Gambling is when people risk money or something of value in order to win a prize. This includes games like scratchcards, fruit machines and betting with friends. It also encompasses activities such as poker tournaments and sports league betting. While most people gamble responsibly and find the experience rewarding, some people can become addicted to gambling. This can lead to problems with work, family and mental health.
One of the biggest problems with gambling is that it tricks the brain into thinking that the chances of winning are larger than they actually are. This is because our brains are programmed to seek rewards. When we spend time with loved ones, eat a good meal or gamble responsibly, our brains release the feel-good chemical dopamine. This makes us want to repeat the activity that led to those positive feelings.

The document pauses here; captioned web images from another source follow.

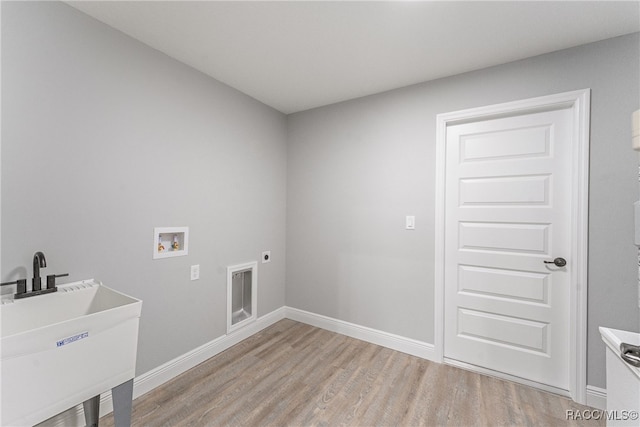 clothes washing area featuring washer hookup, light hardwood / wood-style floors, electric dryer hookup, and sink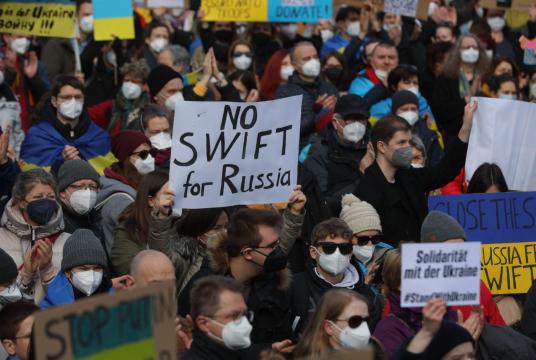 A protester holds a placard reading "No SWIFT for Russia" during a rally against Russia's invasion of Ukraine on Saturday in Frankfurt am Main, western Germany. (AFP-Yonhap)
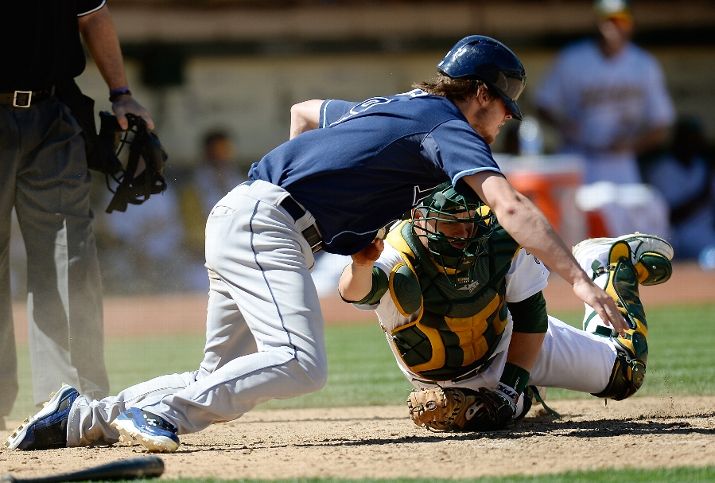 Wil Myers dives back to touch home plate and gets tagged out by Stephen Vogt in the seventh inning on September 1, 2013. (Photo by Thearon W. Henderson/Getty Images)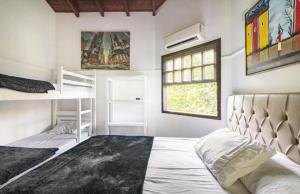 ein Schlafzimmer mit einem Bett und zwei Etagenbetten in der Unterkunft Casa Juréia com piscina aquecida, a 350m da praia - Litoral Norte in São Sebastião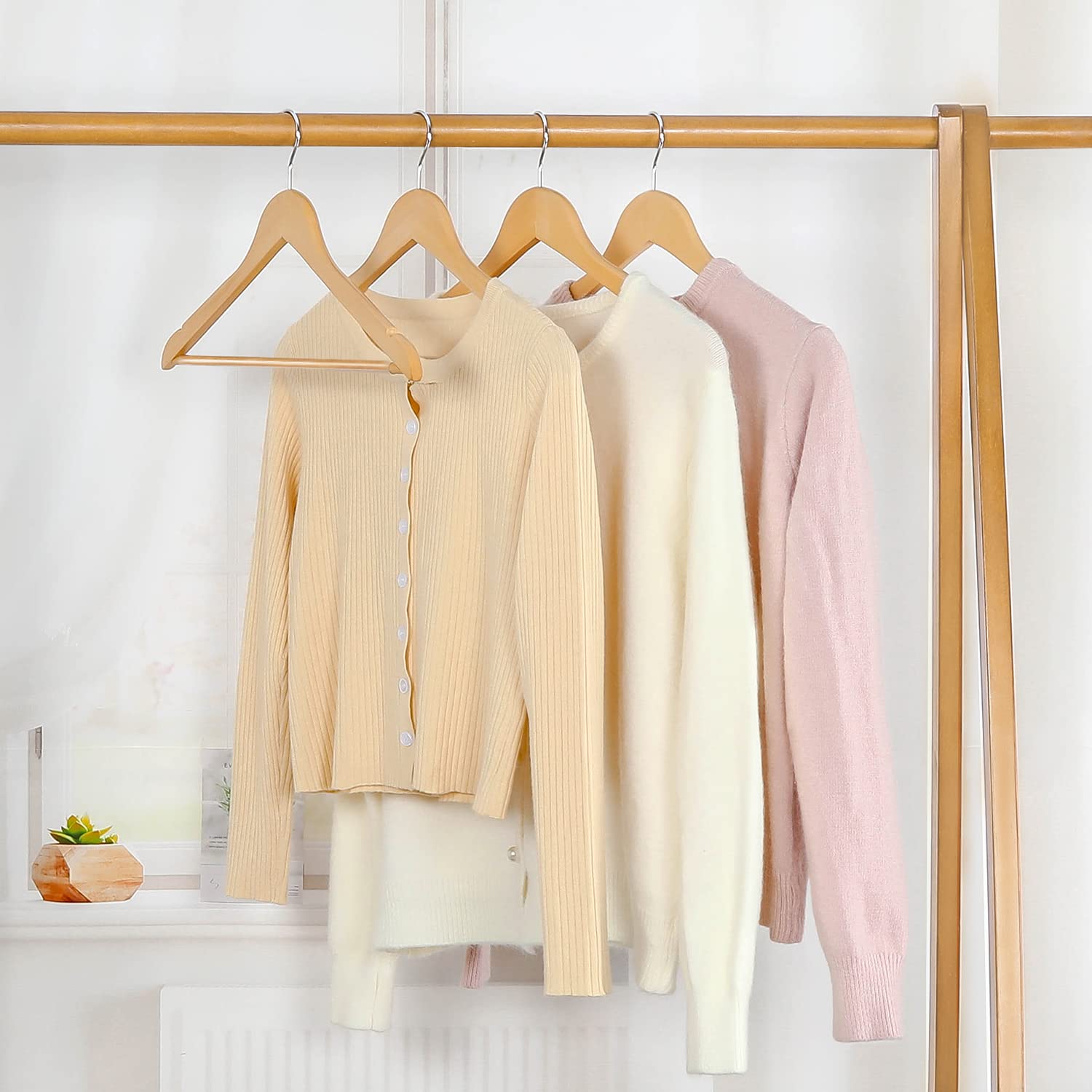 Topia Hanger shoulder notches secure delicate straps without slipping.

The other problem is that once a person starts gambling, they can quickly build up a tolerance to it. They may still enjoy it, but not as much as they did in the beginning. It is a similar process to developing a tolerance to drugs or alcohol.
Another issue with gambling is that it creates costs and benefits that affect people who don’t gamble themselves. These are known as social impacts. These are harder to measure than economic costs or benefits and for this reason have been overlooked by researchers. This article reviews complementing and contrasting views on the social impact of gambling and offers a conceptual model that could be used as a basis for a common methodology to assess the social impacts of this addictive behaviour.